Rick, we were all in the "office." The only difference was that the two pilots sat in front and had ejection seats, and the other three sat a few feet farther back, three abreast, facing aft. Nav/Bombardier (me) was on the left (looking aft) with the NBS (Navigation and Bombing System) Mk.1 PPI (Plan Position Indicator) display and controls; Nav/Radar was in the middle with a bunch of electronic, radio and intertial nav stuff (with weird code names like Blue Satin and Orange Putter), and the AEO (Air Electronics Officer) sat on the right, looking after all the inverters, fuel and hydraulic pumps etc. We other two always referred to them as Electricians, which pyssed them off (but they got the last laugh; see below).
Behind the instrument consoles we were facing was the "plenum chamber," a compartment the size of a small bathroom, full of the "calculators," as they were called. Each one was the size of a dustbin, and contained banks of electron tubes mounted on long boards (no solid-state!) As you can imagine, reliability was not great as filaments burned out or broke through vibration, and I often spent half a trip with a blank screen. And the heat generated was immense, so the loudest noise in flight was the fans carrying this away, plus more heat from the inverters and motor-generators. Cabin heating from the engines was quite unnecessary and we often sat in a pool of sweat. Today, the calculations performed by each of the "dustbins" would be done faster and totally reliably by something the size of a hard-back book. Beyond that was the bomb bay, but as there was no access to it from the cabin you couldn't play Major Kong and his "YEEE HAAA!!"
To my left elbow was the panel we all referred to as the War and Peace Panel, containing a Yale-type key and a switch marked Heavystore Ejector Selector that could only be operated when my key and an identical one on the co-pilot's console were turned simultaneously. In an actual attack (assuming that the Russkies had allowed us to fly that far), that would have triggered the NBS to release the Heavystores - two nukes - with the correct Forward Throw, i.e. at the appropriate moment and distance back on the track to ultimately impact where my joystick was centered on the display. Luckily, the only ones I ever flew with were filled with concrete, which we only dropped occasionally on the bombing range at Wainfleet Sands, off the east coast, to test the Forward Throw, or trajectory, of different designs.
All other bombing practice was with a simulated bomb release that two ground stations with computers (more dustbins) would triangulate to indicate where the phantom bomb would have landed.
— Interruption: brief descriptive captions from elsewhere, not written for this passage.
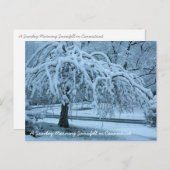 IMG_2425_2, een zondagochtend sneeuwval in Connec. Briefkaart (Voorkant / Achterkant)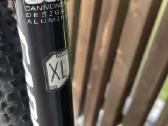Kalnu dviratis cannondale - nuotraukos Nr. 16
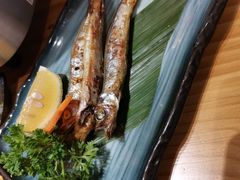 -锦鲤堂日本料理(莱茵之星店)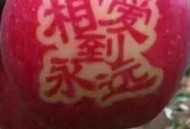 结婚35年报警50次,结婚 35年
We had annual bombing and navigation competitions with the USAF, which they generally won, having more modern stuff than the NBS.
The only time I even remember the Victors (and Vulcans on the same base) being loaded with real nukes was the Cuban Missile Crisis, which was the only time I was really scared silly. We slept by the planes in trailers and practiced several times a day jumping in, starting everything up and waiting for stand-down [we hoped!]. The plan was; airborne four minutes after the klaxon went off. Other than that, it was pretty much routine days at the office, except the last 15 months when I was at the OCU (Operational Conversion Unit), RAF Gaydon (where the motor museum now is) doing instruction, which was occasionally hairy with crews converting from the sprightly English Electric Canberra (made under license in the US as the B57) to the 80-ton Victor.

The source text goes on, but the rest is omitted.